* YOUR OBJECTIVE *
What is needed is the exact text of each line in the listing below from the one with "Pizza Gde. Rúcula y brie" up to and including the one with "Appartement - 86 m² - 4 pièces", and no pictures.

* GIVEN RECORDS *

----

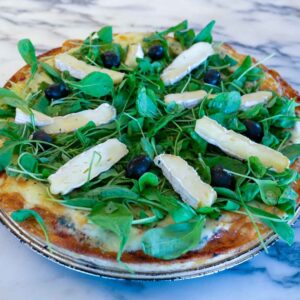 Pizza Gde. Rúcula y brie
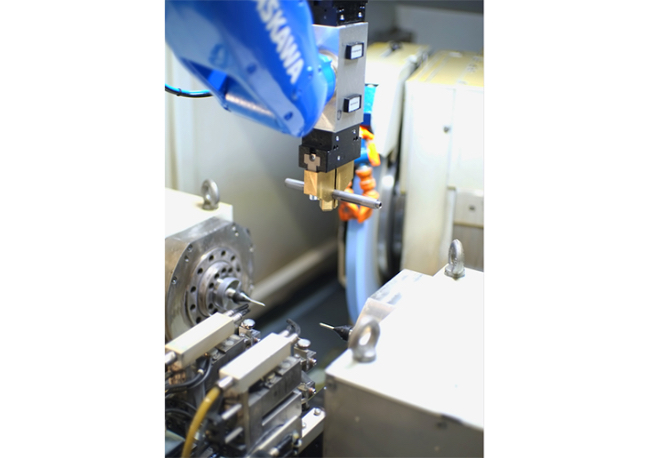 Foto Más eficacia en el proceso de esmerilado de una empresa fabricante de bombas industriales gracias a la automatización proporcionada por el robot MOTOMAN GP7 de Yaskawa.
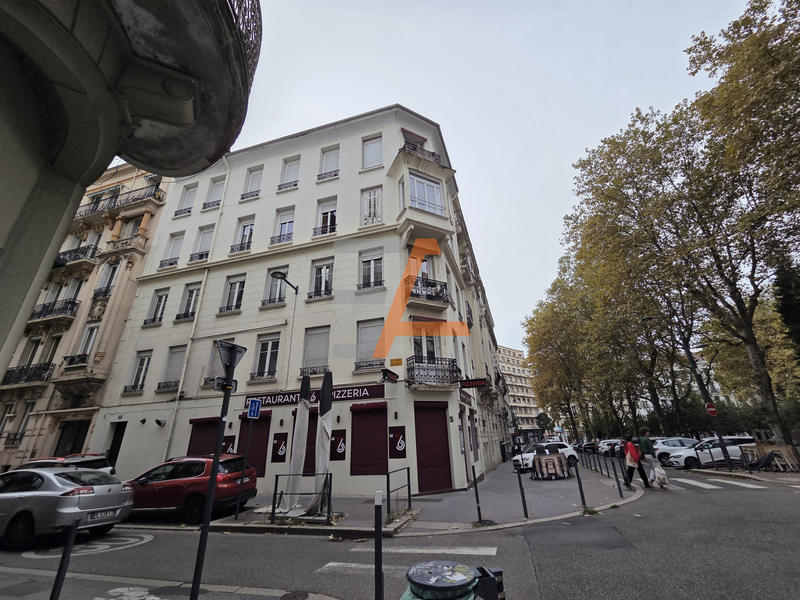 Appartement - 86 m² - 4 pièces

----

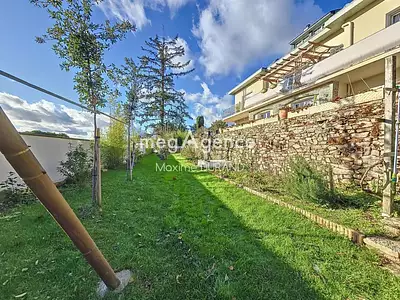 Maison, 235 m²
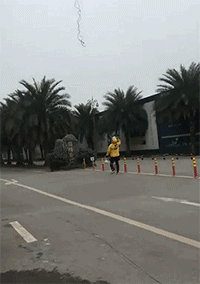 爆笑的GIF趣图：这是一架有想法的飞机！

----

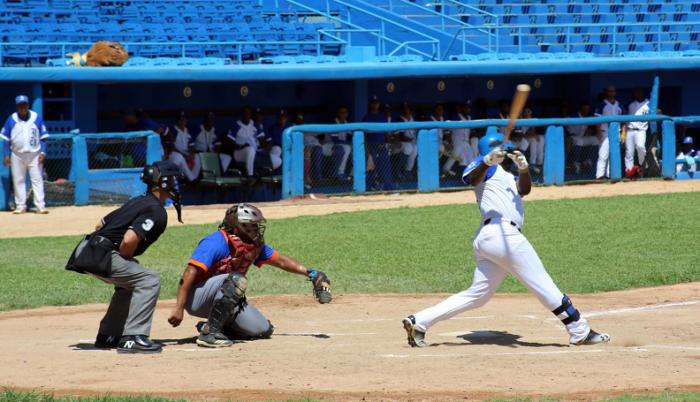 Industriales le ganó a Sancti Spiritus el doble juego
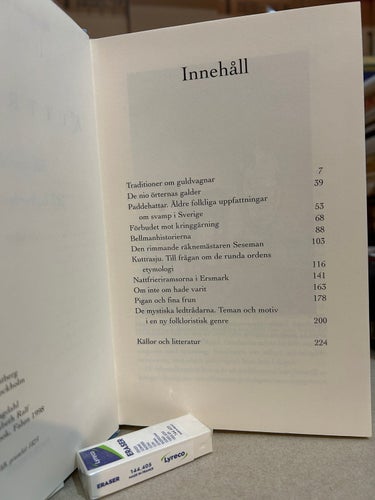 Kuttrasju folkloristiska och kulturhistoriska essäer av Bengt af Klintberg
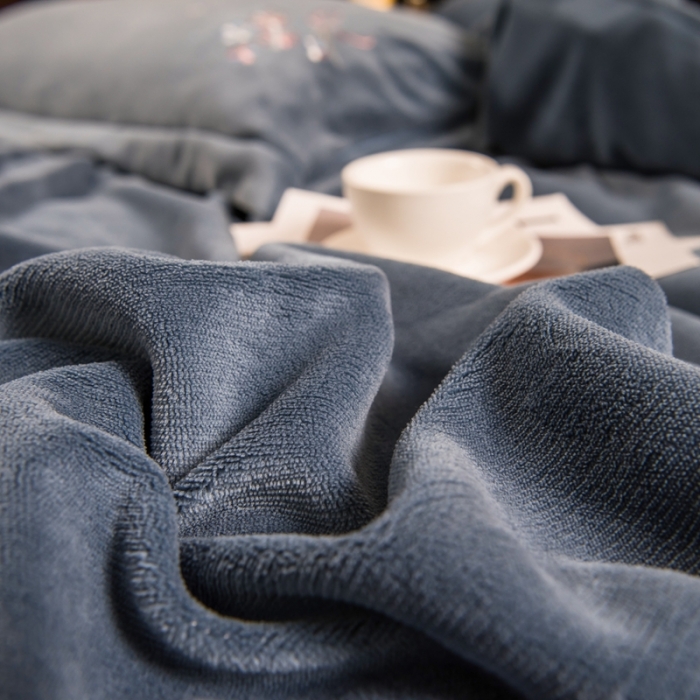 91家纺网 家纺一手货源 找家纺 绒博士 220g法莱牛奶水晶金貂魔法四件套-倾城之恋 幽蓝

----

* REPLY TO THE TASK *
 Pizza Gde. Rúcula y brie
 Foto Más eficacia en el proceso de esmerilado de una empresa fabricante de bombas industriales gracias a la automatización proporcionada por el robot MOTOMAN GP7 de Yaskawa.
 Appartement - 86 m² - 4 pièces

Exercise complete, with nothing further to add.